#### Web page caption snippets

━━━

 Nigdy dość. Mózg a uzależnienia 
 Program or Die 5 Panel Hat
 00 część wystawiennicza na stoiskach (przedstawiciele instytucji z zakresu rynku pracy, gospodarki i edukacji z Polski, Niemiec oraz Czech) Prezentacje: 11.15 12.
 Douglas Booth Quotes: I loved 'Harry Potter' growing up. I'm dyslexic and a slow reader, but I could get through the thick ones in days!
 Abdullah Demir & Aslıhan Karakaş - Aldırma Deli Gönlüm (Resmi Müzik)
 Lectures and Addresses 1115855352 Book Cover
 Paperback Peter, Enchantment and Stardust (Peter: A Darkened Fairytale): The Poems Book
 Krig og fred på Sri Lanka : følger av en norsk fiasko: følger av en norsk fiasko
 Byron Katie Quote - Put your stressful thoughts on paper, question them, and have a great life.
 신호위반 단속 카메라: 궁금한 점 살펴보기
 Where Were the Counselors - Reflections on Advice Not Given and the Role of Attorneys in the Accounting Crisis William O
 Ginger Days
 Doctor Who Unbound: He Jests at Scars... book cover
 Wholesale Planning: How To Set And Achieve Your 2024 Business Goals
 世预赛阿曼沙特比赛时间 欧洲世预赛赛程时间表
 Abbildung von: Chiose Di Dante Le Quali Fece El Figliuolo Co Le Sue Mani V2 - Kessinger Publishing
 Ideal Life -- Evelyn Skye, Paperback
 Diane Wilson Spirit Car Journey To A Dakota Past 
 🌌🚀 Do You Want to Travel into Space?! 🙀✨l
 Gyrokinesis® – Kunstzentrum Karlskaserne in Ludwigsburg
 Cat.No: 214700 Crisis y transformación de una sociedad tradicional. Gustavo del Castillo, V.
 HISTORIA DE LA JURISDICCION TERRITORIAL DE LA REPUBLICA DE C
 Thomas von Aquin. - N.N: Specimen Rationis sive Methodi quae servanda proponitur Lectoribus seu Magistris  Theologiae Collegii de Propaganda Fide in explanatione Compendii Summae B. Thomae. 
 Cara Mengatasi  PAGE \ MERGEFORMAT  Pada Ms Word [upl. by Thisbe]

━━━

#### Work task
Among the entries above, the line containing "00 część wystawiennicza", the line containing "HISTORIA DE LA", and all lines between them are to be restated word for word; nothing else belongs in the reply.

#### Answer to the problem
 00 część wystawiennicza na stoiskach (przedstawiciele instytucji z zakresu rynku pracy, gospodarki i edukacji z Polski, Niemiec oraz Czech) Prezentacje: 11.15 12.
 Douglas Booth Quotes: I loved 'Harry Potter' growing up. I'm dyslexic and a slow reader, but I could get through the thick ones in days!
 Abdullah Demir & Aslıhan Karakaş - Aldırma Deli Gönlüm (Resmi Müzik)
 Lectures and Addresses 1115855352 Book Cover
 Paperback Peter, Enchantment and Stardust (Peter: A Darkened Fairytale): The Poems Book
 Krig og fred på Sri Lanka : følger av en norsk fiasko: følger av en norsk fiasko
 Byron Katie Quote - Put your stressful thoughts on paper, question them, and have a great life.
 신호위반 단속 카메라: 궁금한 점 살펴보기
 Where Were the Counselors - Reflections on Advice Not Given and the Role of Attorneys in the Accounting Crisis William O
 Ginger Days
 Doctor Who Unbound: He Jests at Scars... book cover
 Wholesale Planning: How To Set And Achieve Your 2024 Business Goals
 世预赛阿曼沙特比赛时间 欧洲世预赛赛程时间表
 Abbildung von: Chiose Di Dante Le Quali Fece El Figliuolo Co Le Sue Mani V2 - Kessinger Publishing
 Ideal Life -- Evelyn Skye, Paperback
 Diane Wilson Spirit Car Journey To A Dakota Past 
 🌌🚀 Do You Want to Travel into Space?! 🙀✨l
 Gyrokinesis® – Kunstzentrum Karlskaserne in Ludwigsburg
 Cat.No: 214700 Crisis y transformación de una sociedad tradicional. Gustavo del Castillo, V.
 HISTORIA DE LA JURISDICCION TERRITORIAL DE LA REPUBLICA DE C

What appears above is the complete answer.